Whether the LFP decides to re-negotiate with BeIN or not, Labrune has not shied away from admitting that Ligue 1 trails some of Europe’s largest leagues when it comes to international broadcast rights revenue. 

He said: “In this area, we have very low revenues compared to our European competitors. But our clubs are now becoming aware of these European issues. And we have a powerful argument: we have changed the distribution of international rights, which go 100 per cent to European clubs according to their performance

“Today, there are potential financial gains that are very important for clubs. For example, PSG will receive €33m in international rights, and these are amounts that will be exponential in the years to come.”

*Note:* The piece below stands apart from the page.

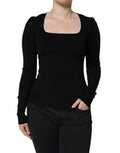 Women's Black Long Sleeves Blouse Square Neck Top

In comparison to other European leagues such as the English Premier League, Spanish La Liga, and Italian Serie A, Labrune’s urgency to gain more revenue for its broadcast rights is warranted. 

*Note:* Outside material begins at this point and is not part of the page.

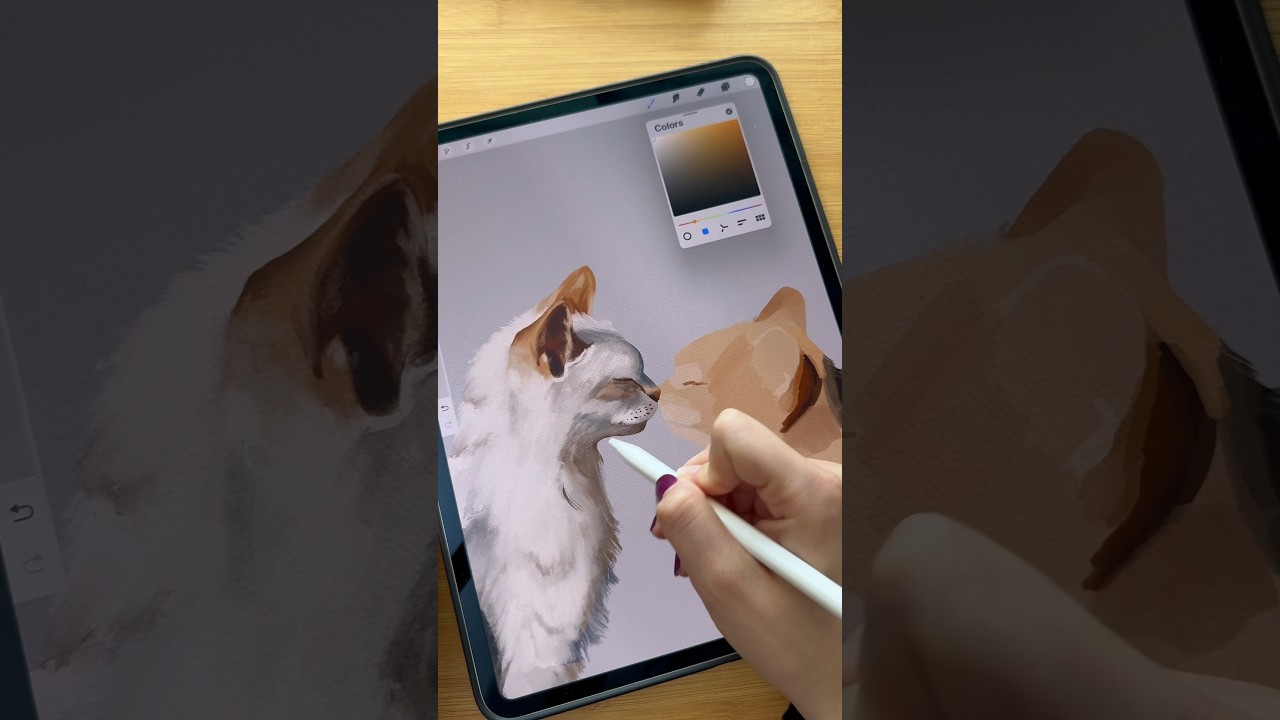 Cat painting in Procreate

The Premier League, which has become a global powerhouse in terms of exposure and finance, will pull in £5.3bn ($6.6bn) over the next three years for its international broadcast rights deal. 

Spain’s La Liga was able to sell their overseas media rights for $915m in a four-year deal with MediaPro, with Serie A (whose re-negotiation period is due next season) bringing in $717m in their current broadcast rights deal.

Whilst Labrune admits that Ligue 1 is considerably behind some of these figures, the French league is not without considerable worth, with three of the sport’s most recognisable stars, Lionel Messi, Kylian Mbappé and Neymar all playing in the league. 

Whilst it is great for a team like PSG to attract these three names to the French capital and Ligue 1, Labrune has also cited the UEFA Champions League as a vehicle to help grow viewership to the league and investment, but only if there is consistent success in the tournament, which has not been the case for PSG in recent years. 

“French clubs and their investors will quickly understand that being successful in the Champions League can provide resources greater than those of national rights,” added Labrune.